Wichtig wäre, dass sie aufgenommen werden können !!! Bei der
Vermittlung werden wir helfen !! Bitte
!!!!!
Der schwarz-weiße Galgo ist männlich, kastriert,
die Hunde auf den anderen Bildern sind Mädels. Ich werde selbstverständlich auch noch einen Aufruf
im Internet starten und Vereine ansprechen, die sich speziell um
Galgos kümmern. Aus Samos wird uns Ende des Monats ein Pointermix
namens Kendor erreichen. Kendor war sein Leben lang an der Kette
und – um dem Ganzen noch eins draufzusetzen – wurde er auch
wochenlang nur unregelmäßig gefüttert. Kendor kam
halbverhungert in die Aufnahmestation von Samos und darf die
Reise nach Deutschland antreten. Dringend gesucht wird für ihn zunächst ein
erfahrener Pflege- oder Endplatz. Kendor ist durch die
Kettenhaltung noch nicht stubenrein und er muß auch noch
ordentlich aufgepäppelt werden, wie man auf dem Bild sehen
kann.
Bitte drücken Sie uns die Daumen, dass die
gezeigten Tiere bald auf der Sonnenseite des Lebens stehen können
und den Schrecken der Tötungsanstalt vergessen können.

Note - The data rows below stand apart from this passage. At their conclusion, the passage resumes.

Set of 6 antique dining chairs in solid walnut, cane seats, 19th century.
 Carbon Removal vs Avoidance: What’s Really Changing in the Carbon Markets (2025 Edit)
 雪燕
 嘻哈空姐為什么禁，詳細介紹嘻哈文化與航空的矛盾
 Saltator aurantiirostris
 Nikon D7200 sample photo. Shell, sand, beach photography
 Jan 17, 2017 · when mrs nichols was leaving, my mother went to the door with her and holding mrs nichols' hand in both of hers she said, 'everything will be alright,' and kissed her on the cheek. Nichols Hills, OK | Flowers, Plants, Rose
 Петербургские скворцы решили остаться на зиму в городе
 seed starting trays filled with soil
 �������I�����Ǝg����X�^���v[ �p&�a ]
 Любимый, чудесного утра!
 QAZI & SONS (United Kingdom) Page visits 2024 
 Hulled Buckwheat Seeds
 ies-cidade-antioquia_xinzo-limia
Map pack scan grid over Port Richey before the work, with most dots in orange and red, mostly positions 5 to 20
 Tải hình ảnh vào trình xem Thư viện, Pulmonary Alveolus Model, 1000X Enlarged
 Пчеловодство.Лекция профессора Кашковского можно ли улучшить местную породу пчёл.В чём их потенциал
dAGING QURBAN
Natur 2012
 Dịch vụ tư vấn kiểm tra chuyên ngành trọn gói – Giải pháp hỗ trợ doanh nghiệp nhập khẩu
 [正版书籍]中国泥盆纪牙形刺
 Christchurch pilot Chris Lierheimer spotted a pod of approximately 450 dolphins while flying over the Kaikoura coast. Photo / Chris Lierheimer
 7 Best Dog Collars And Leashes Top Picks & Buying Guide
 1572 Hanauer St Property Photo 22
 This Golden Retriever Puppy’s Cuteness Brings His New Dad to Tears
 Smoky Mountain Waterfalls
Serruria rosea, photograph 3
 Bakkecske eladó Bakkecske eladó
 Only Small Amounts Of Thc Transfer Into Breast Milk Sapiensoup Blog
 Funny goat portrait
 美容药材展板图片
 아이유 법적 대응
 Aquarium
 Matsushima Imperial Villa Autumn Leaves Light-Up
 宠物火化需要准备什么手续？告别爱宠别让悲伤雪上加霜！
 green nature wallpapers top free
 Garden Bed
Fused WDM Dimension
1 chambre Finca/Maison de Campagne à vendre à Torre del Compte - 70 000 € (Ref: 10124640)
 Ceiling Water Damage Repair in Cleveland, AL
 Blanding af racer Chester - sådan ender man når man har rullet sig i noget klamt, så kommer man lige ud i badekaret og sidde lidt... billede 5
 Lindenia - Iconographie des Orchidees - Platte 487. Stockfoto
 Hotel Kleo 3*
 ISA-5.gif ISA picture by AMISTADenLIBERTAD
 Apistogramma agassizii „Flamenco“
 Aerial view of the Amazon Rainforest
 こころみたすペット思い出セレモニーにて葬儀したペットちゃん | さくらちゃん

Irgendwo wartet bestimmt auf jeden dieser bisherigen Pechvögel
eine Hand, die streichelt statt schlägt und ein Herz voll Liebe
statt Ablehnung. Wenn wir diese Hoffnung nicht hätten, dass wir
diese Tiere in eine bessere Welt entlassen können, wäre unsere
Arbeit sinnlos und die ganze Kraft umsonst vergeudet und viele
Tränen umsonst geweint.
Wenn wir auch nicht ALLE retten können, dann doch
wenigstens so VIELE wie möglich !!!!